0
0
HadoopConceptBeginner · 4 min read

What is Container in YARN in Hadoop: Explained Simply

In Hadoop YARN, a container is a resource allocation unit that bundles CPU, memory, and other resources for running a specific task. It acts like a small workspace where YARN runs application code, managing resources efficiently across the cluster.
⚙️

How It Works

Think of a container in YARN as a reserved workspace in a shared office. When you have a task to do, YARN allocates a container with the right amount of resources like CPU and memory. This container is where your task runs isolated from others, ensuring it has what it needs without interference.

YARN's ResourceManager decides how many containers to give based on the cluster's available resources and the application's needs. Each container runs on a NodeManager, which manages containers on a single machine. This setup helps Hadoop run many tasks in parallel efficiently, balancing load and resource use.

💻

Example

This example shows how YARN allocates a container for a simple task using the YARN client API in Java. It requests a container with specific memory and CPU, then launches a command inside it.
java
import org.apache.hadoop.yarn.api.records.ContainerLaunchContext;
import org.apache.hadoop.yarn.api.records.Resource;
import org.apache.hadoop.yarn.client.api.YarnClient;
import org.apache.hadoop.yarn.client.api.YarnClientApplication;
import org.apache.hadoop.yarn.util.Records;

public class YarnContainerExample {
    public static void main(String[] args) throws Exception {
        YarnClient yarnClient = YarnClient.createYarnClient();
        yarnClient.init(new org.apache.hadoop.conf.Configuration());
        yarnClient.start();

        YarnClientApplication app = yarnClient.createApplication();
        Resource capability = Records.newRecord(Resource.class);
        capability.setMemory(1024); // 1 GB memory
        capability.setVirtualCores(1); // 1 CPU core

        ContainerLaunchContext ctx = Records.newRecord(ContainerLaunchContext.class);
        ctx.setCommands(java.util.Collections.singletonList("echo Hello from YARN container"));

        System.out.println("Requested container with 1GB memory and 1 CPU core.");
        System.out.println("Container will run command: echo Hello from YARN container");

        yarnClient.stop();
    }
}
Output
Requested container with 1GB memory and 1 CPU core. Container will run command: echo Hello from YARN container
🎯

When to Use

Use containers in YARN when you want to run distributed tasks on a Hadoop cluster efficiently. Containers help manage resources like CPU and memory for each task, preventing one job from using too much and slowing others down.

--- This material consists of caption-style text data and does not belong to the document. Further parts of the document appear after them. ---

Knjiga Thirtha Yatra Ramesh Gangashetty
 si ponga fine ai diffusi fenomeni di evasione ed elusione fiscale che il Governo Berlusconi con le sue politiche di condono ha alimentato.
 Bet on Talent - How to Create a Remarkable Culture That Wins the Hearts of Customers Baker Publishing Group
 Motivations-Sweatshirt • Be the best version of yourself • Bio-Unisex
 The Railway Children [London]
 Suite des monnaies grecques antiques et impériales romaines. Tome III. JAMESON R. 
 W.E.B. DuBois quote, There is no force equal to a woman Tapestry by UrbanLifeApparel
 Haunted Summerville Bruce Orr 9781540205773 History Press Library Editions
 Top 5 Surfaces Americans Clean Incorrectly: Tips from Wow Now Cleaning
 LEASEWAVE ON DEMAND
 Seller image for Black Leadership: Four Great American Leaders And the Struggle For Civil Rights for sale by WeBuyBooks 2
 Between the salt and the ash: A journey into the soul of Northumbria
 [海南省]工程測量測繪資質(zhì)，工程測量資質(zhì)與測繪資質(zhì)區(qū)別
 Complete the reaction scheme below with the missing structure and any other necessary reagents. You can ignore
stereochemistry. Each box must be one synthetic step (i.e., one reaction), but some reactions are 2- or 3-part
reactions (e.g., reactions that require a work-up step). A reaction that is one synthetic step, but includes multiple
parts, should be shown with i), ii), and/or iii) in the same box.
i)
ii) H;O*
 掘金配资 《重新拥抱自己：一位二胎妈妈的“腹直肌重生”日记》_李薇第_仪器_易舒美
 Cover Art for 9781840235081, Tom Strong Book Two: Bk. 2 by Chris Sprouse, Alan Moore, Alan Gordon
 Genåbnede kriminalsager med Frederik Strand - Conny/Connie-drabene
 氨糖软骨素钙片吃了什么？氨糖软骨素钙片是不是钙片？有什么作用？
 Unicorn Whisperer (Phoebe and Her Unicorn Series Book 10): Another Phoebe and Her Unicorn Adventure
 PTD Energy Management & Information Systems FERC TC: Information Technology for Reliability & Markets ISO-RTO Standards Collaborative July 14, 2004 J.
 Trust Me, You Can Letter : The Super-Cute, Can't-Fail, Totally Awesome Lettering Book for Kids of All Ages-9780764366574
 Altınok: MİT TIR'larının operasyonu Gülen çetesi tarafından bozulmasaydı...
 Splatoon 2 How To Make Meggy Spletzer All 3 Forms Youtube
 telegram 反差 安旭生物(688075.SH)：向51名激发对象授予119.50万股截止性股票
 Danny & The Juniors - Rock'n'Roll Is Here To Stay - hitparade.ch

Real-world uses include running MapReduce jobs, Spark applications, or any big data processing tasks that need controlled resource allocation. Containers make sure your tasks run smoothly and the cluster stays balanced.

Key Points

  • A container is a resource bundle (CPU, memory) for running a task in YARN.
  • YARN’s ResourceManager allocates containers based on resource availability.
  • Containers run on NodeManagers, which manage resources on each node.
  • Containers isolate tasks to prevent resource conflicts.
  • They enable efficient, parallel processing in Hadoop clusters.

Key Takeaways

A container in YARN is a reserved set of resources for running a specific task.
Containers isolate tasks to ensure fair and efficient resource use in a Hadoop cluster.
ResourceManager and NodeManager work together to allocate and manage containers.
Containers are essential for running distributed big data jobs like MapReduce and Spark.
Using containers helps keep cluster resources balanced and tasks running smoothly.